LAND, n. A part of the earth's surface, considered as property. The theory that land is property subject to private ownership and control is the foundation of modern society, and is eminently worthy of the superstructure. Carried to its logical conclusion, it means that some have the right to prevent others from living; for the right to own implies the right exclusively to occupy, and in fact laws of trespass are enacted wherever property in land is recognized. It follows that if the whole area of terra firma is owned by A, B, and C, there will be no place for D, E, F, and G to be born on, or, being born as trespassers, to exist on.

 
 
     A life on the ocean wave,
     A home on the rolling deep,
     For the spark that nature gave
     I have there the right to keep.
 
 
     They give me the cat-o'-nine
     Whenever I go ashore.
     Then ho! for the flashing brine —
     I'ma natural commodore!
 
 
     Dodle.
 

LANGUAGE, n. The music with which we charm the serpents guarding another's treasure.
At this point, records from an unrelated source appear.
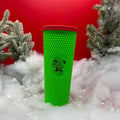 Red lid neon green studded tumbler with creepy elf
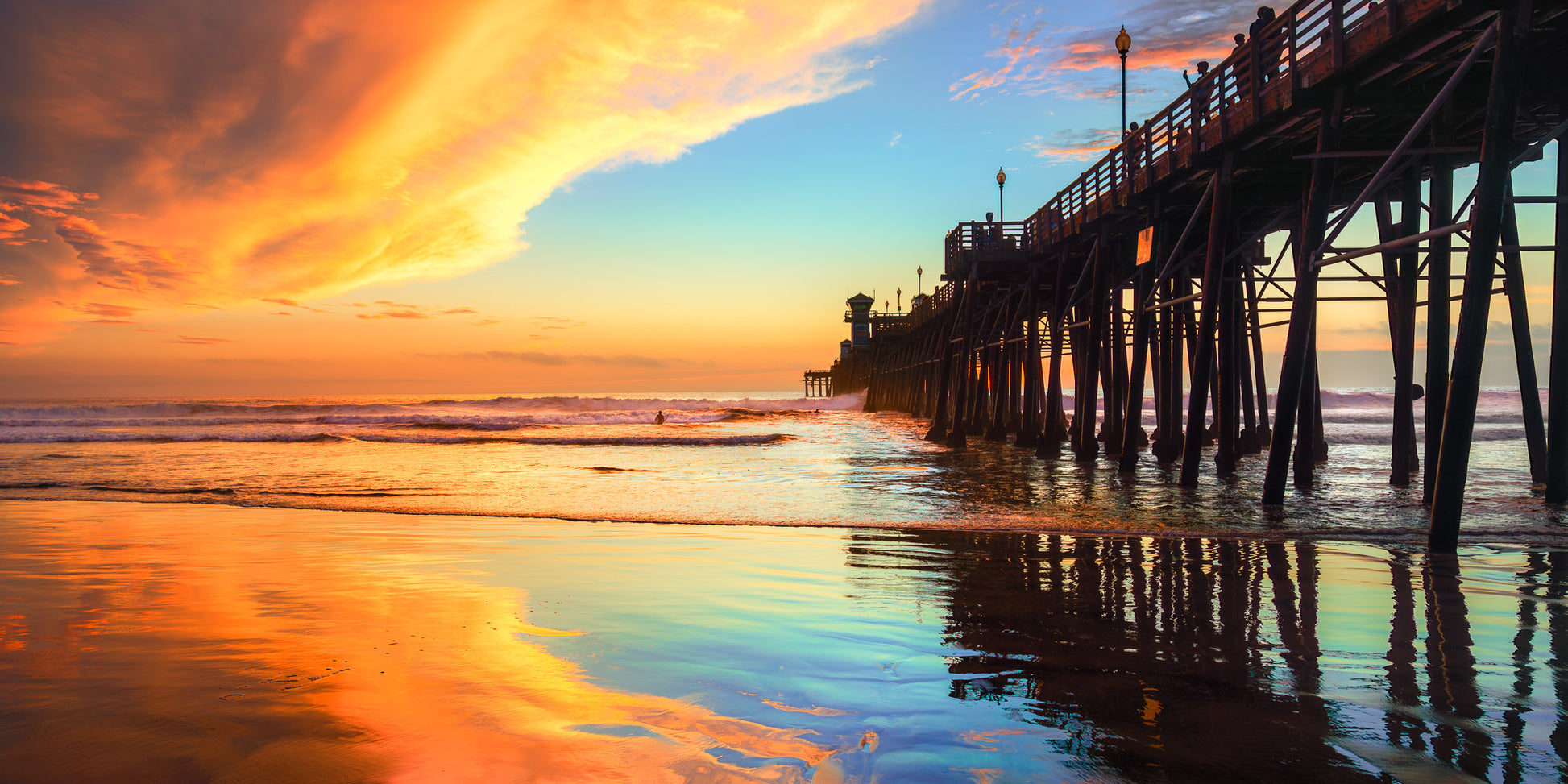 A scenic sunset over an ocean pier with dramatic orange and yellow clouds, blue sky, reflective water, and the silhouette of the pier extending into the water. "Fire n Ice" Oceanside Pier fine art photography by Craig Meyer showing dramatic contrasting lights on the pier in Oceanside California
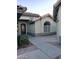 Side view of house with walkway, landscaping, and arched window at 14371 W Morning Star Trl, Surprise, AZ 85374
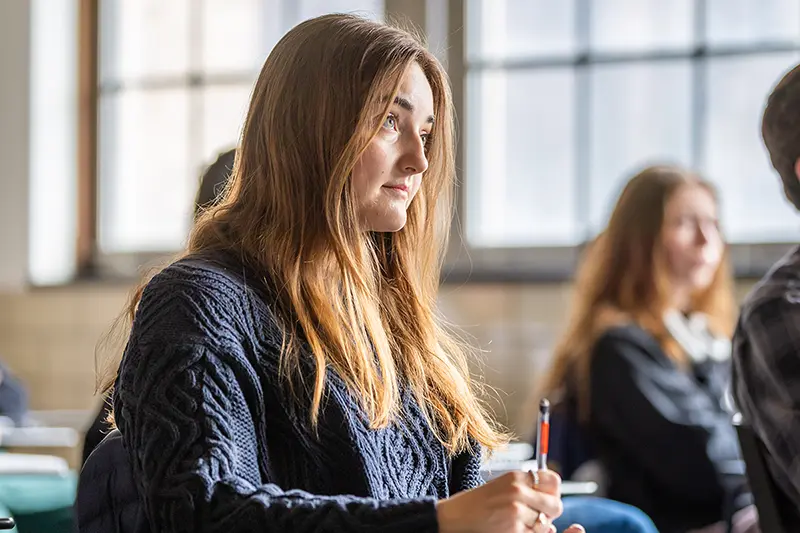 A female student looks up while taking notes, listening to David Richter teach class.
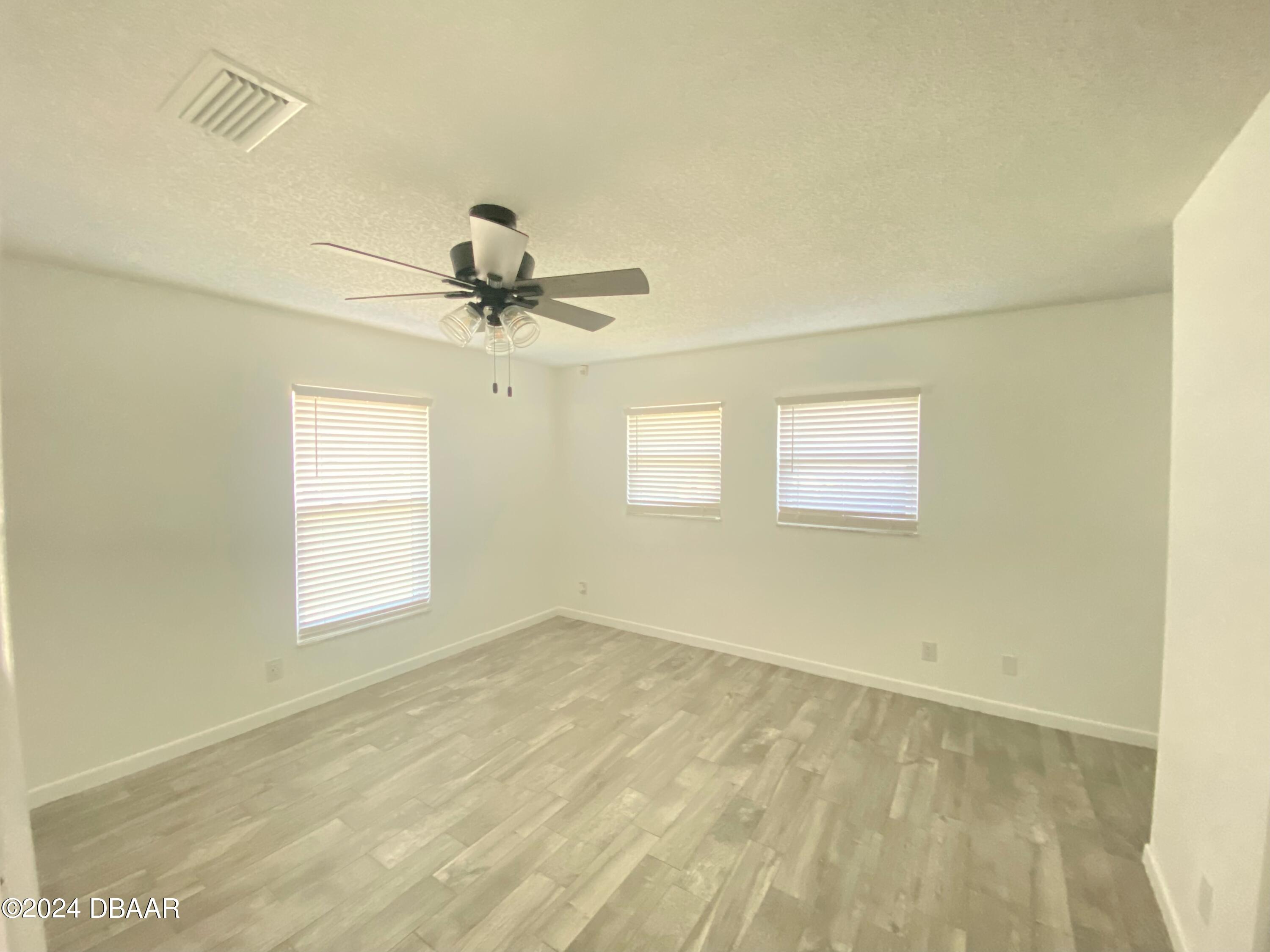 12 Ocean Crest Drive Ormond Beach, FL 32176 - Photo 13 of 31 a view of a room with a window and a ceiling fan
LAOCOÖN, n. A famous piece of antique sculpture representing a priest of that name and his two sons in the folds of two enormous serpents. The skill and diligence with which the old man and lads support the serpents and keep them up to their work have been justly regarded as one of the noblest artistic illustrations of the mastery of human intelligence over brute inertia.

LAP, n. One of the most important organs of the female system – an admirable provision of nature for the repose of infancy, but chiefly useful in rural festivities to support plates of cold chicken and heads of adult males. The male of our species has a rudimentary lap, imperfectly developed and in no way contributing to the animal's substantial welfare.

LAST, n. A shoemaker's implement, named by a frowning Providence as opportunity to the maker of puns.

 
     Ah, punster, would my lot were cast,
     Where the cobbler is unknown,
     So that I might forget his last
     And hear your own.
 
 
     Gargo Repsky.
 

LAUGHTER, n. An interior convulsion, producing a distortion of the features and accompanied by inarticulate noises. It is infectious and, though intermittent, incurable. Liability to attacks of laughter is one of the characteristics distinguishing man from the animals – these being not only inaccessible to the provocation of his example, but impregnable to the microbes having original jurisdiction in bestowal of the disease. Whether laughter could be imparted to animals by inoculation from the human patient is a question that has not been answered by experimentation. Dr. Weir Mitchell holds that the infectious character of laughter is due to instantaneous fermentation of sputa diffused in a spray. From this peculiarity he names the disorder Convulsio spargens.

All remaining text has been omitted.